WHAT IS BEING ASKED -
When the line with "Saisonstart auf dem Schweizerbähnle." turns up below, begin repeating exactly, and carry on through the line with "Jura-Simplon Eb 2/4"; no pictures go into the copy.

INFORMATION -

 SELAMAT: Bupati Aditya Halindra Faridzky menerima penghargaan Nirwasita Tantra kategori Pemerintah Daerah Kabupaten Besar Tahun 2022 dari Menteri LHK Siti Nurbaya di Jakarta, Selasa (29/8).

--

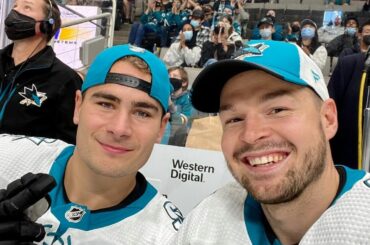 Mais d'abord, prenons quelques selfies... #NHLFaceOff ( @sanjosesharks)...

==

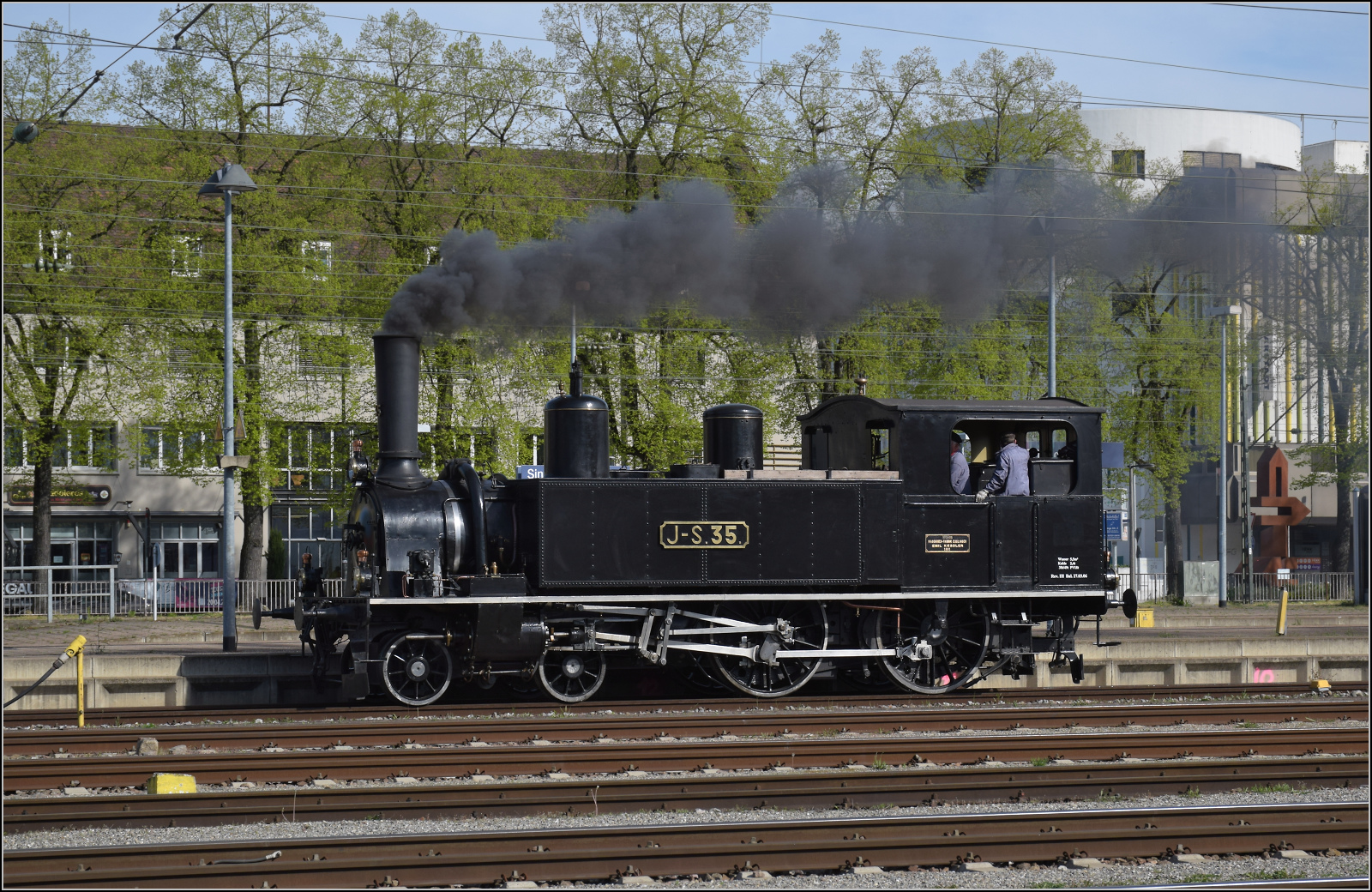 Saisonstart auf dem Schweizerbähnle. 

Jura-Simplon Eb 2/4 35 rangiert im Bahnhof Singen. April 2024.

WRITTEN ANSWER -
 Saisonstart auf dem Schweizerbähnle. 

Jura-Simplon Eb 2/4 35 rangiert im Bahnhof Singen. April 2024.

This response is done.